As Jason Hancock reported, the transfer of jurisdiction on Virginia Street in Sioux City between Gordon Drive and the new I-29 exit resulted in the hidden designation of IA 12 being relocated and part of Gordon Drive being renumbered secret IA 812. I do not agree with this designation at all. If the “12” connection had to be kept, IA 912 didn’t live longer than two years and its road is now gone, so confusion would be nonexistent. On the IA 12 page, I try to walk through both that change and the routing history of the segment east of the Riverside Boulevard exit, including some tweaking of the endpoint table.

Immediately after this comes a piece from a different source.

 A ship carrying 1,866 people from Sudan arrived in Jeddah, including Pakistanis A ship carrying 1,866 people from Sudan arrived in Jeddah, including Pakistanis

The Virginia Street exit and 812 issue also affect Business 20. Business 20 remains signed on Gordon Drive, so it and IA 12 now technically run separately for a while. The issues of eastbound and westbound Business 20 becoming separated and eastbound Business 20 not being signed from I-29 remain, though.

As for IA 28, I don’t know how recent the project was but its south end in Martensdale now has LGSs and IA 92 has new concrete. I also added clarification regarding the Beaver Creek bridge and its effect on the north endpoint.

On the US 77 page, I integrated photo dates and hope I’ve arranged the photos such that comparisons can be made in the past and present configurations of the I-29 exit.